[[ INFORMATION PROVIDED open ]]

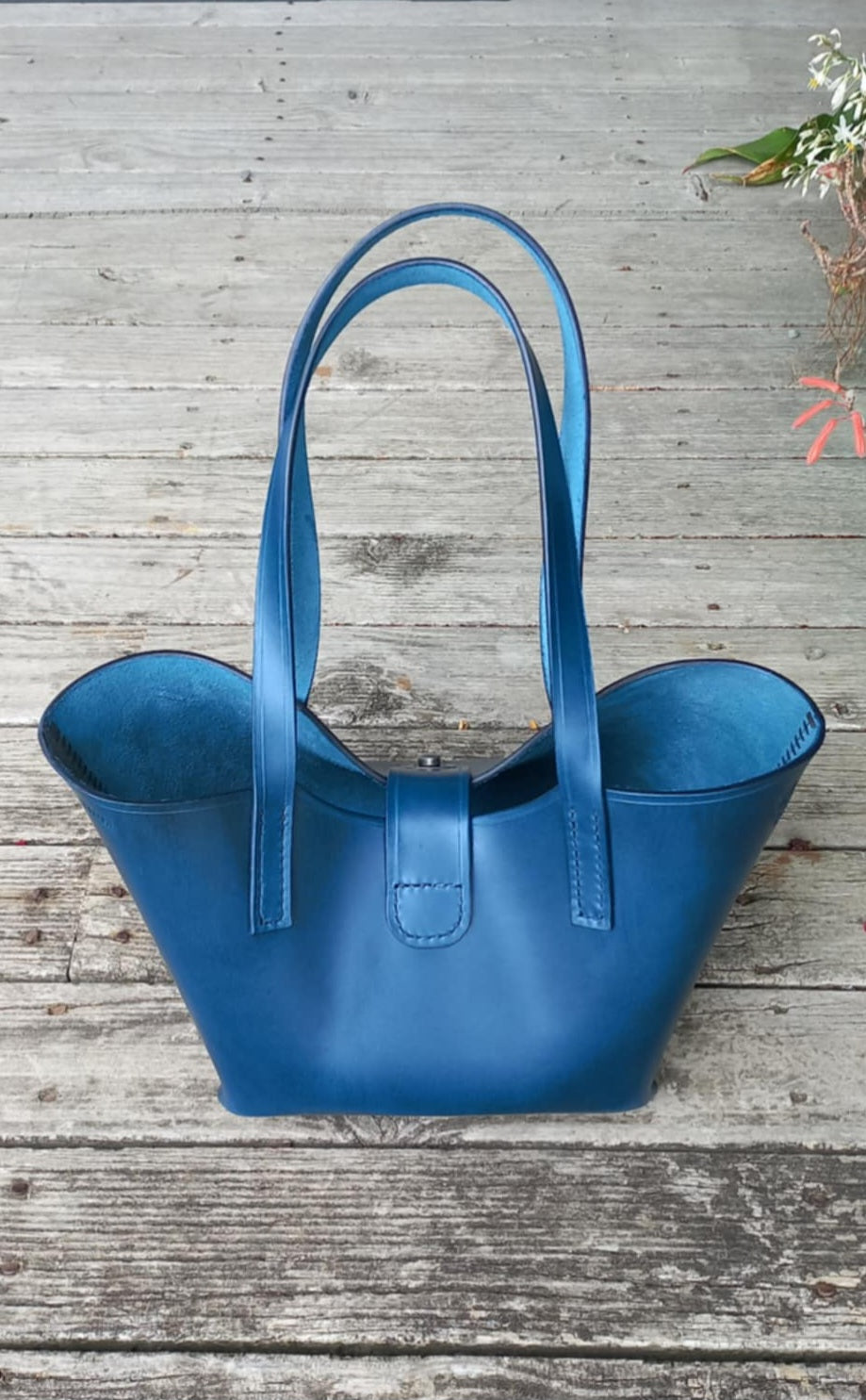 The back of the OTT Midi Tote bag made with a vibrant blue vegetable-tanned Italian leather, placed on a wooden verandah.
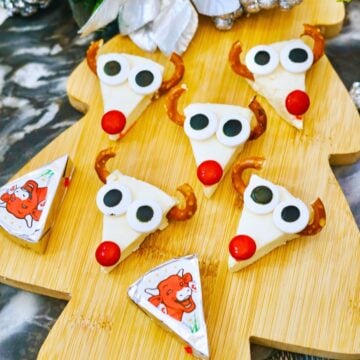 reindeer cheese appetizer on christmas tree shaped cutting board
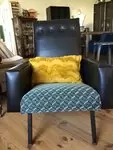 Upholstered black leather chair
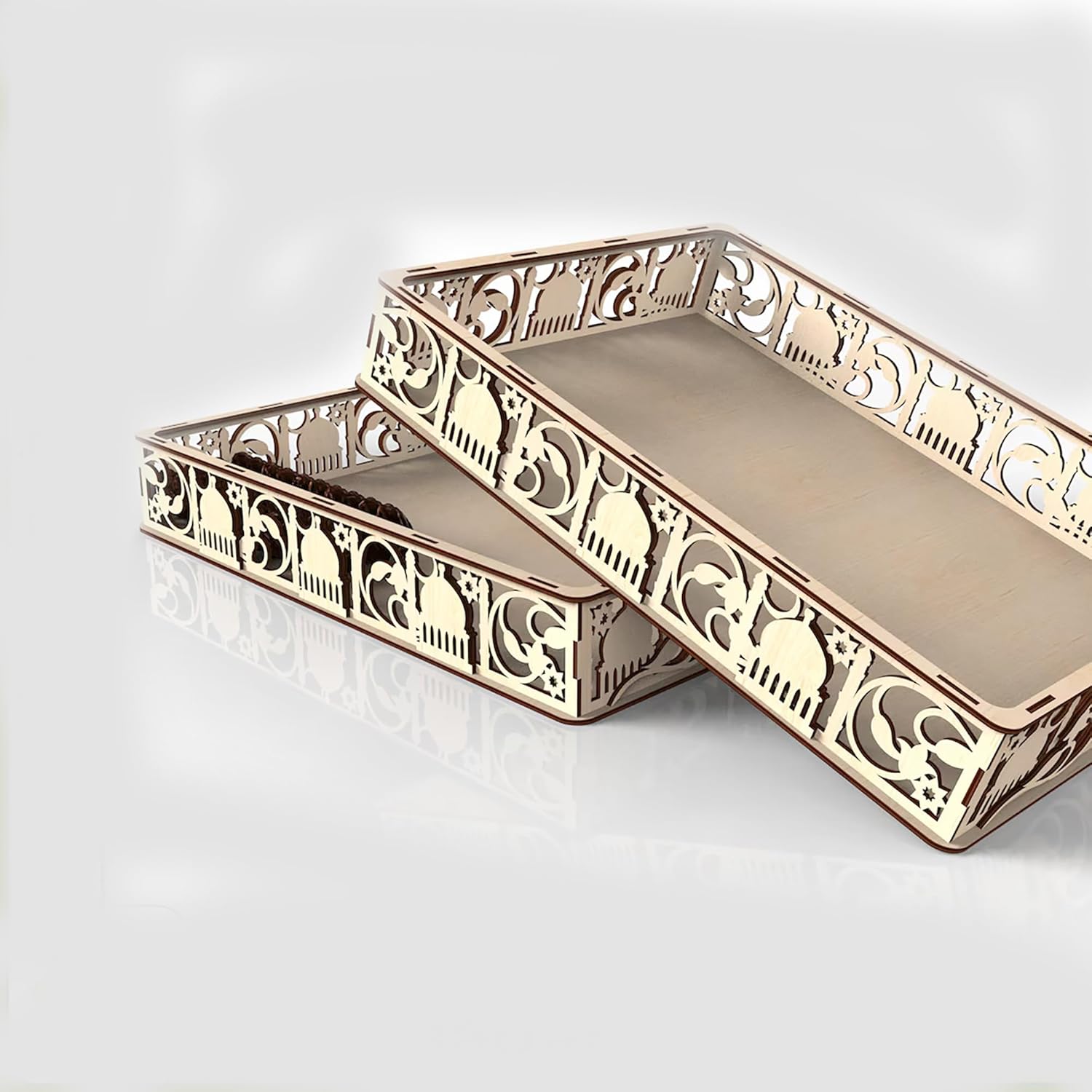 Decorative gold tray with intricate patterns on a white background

[[ INFORMATION PROVIDED closed ]]

DIRECTIONS FOR THIS TASK:
Print the lines from the line containing "Upholstered black leather chair" through the last line of the listing, exactly as they stand, and leave any pictures out.

EXPECTED ANSWER:
 Upholstered black leather chair
 Decorative gold tray with intricate patterns on a white background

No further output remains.